US-India accord to spur N-race: Expert sees threat to US interests

WASHINGTON, Aug 4: The Bush administration’s move to share civilian nuclear technology with India could affect American interests in the war on terror in Pakistan and can also hamper its bid to tackle the nuclear crisis in North Korea, says a former member of the US Senate Foreign Relations Committee. “Within days of 9/11, President Pervez Musharraf pledged Pakistan’s support in the war on terror - but how is he supposed to react now that the US appears to be shifting support to India,” asks Patrick M. Holt, former chief of staff of the Senate Foreign Relations Committee.

In an article published in the Christian Science Monitor on Thursday, Mr Holt warns that the Indo-US nuclear deal could have a debilitating effect on America’s non-proliferation policy. For the past two weeks, US newspapers are almost daily publishing articles and comments by former US officials, scholars and think-tank experts warning President Bush of the consequences of his nuclear deal with India.

On Wednesday, former Reagan-era official Lawrence J Korb and a think-tank expert Peter Ogden wrote a similar article in the Washington Post, cautioning the Bush administration that if the Indo-US deal is finalized, Washington will not be able to prevent China from offering the same nuclear cooperation to Pakistan that the US is offering to India.

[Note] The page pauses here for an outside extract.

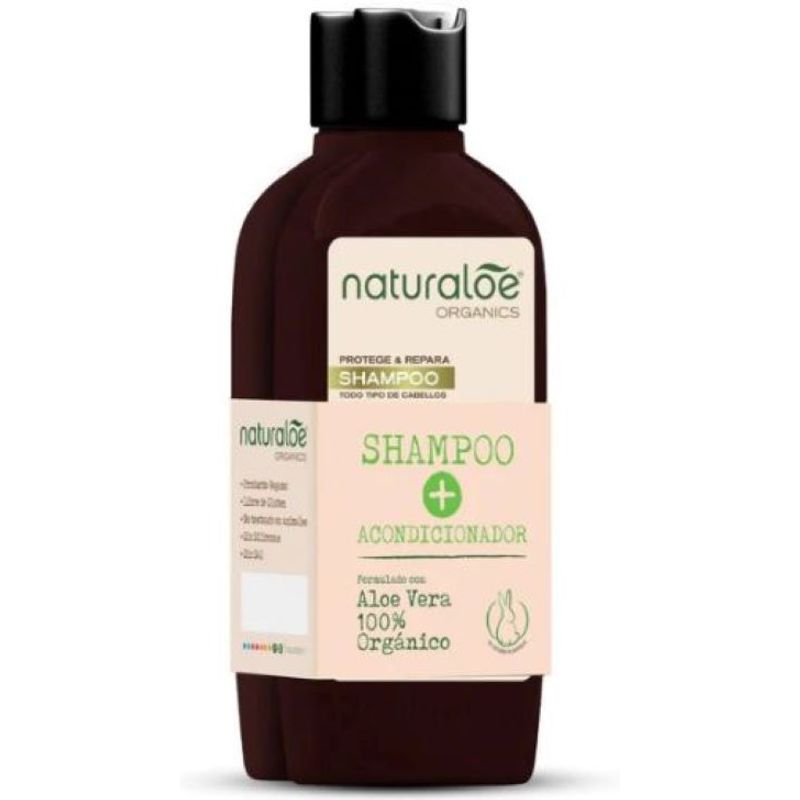 NATURALOE - Set Shampoo + Acondicionador Reparación con Aloe & Argan Oil 350ml NATURALOE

“It is only a matter of days before Pakistan … demands to receive the same special treatment that India has,” the authors argue. They recall that both India and Pakistan have been denied “certain types of nuclear technology” because they have nuclear weapons and have refused to sign the Nuclear Non-Proliferation Treaty. “While we were willing to void the most potent nuclear weapons control treaty of the past three decades, India was not even compelled to stop producing fissile material for further weapons,” they note.

“The administration forgot to consider whether putting no limits on India’s fissile material production might not prompt Pakistan to continue such production itself. Such a development would certainly increase the risk of nuclear materials falling into the hands of terrorists.”

In Thursday’s article, Mr Holt comments on “the US predicament” over convincing other countries not to go nuclear while it maintains its own nuclear agenda. “What Washington is probably overlooking is that the nature of scientific knowledge is such that it cannot be protected or controlled, and given the spread of nuclear weapons, America’s non-proliferation policy must be called a failure,” he argues.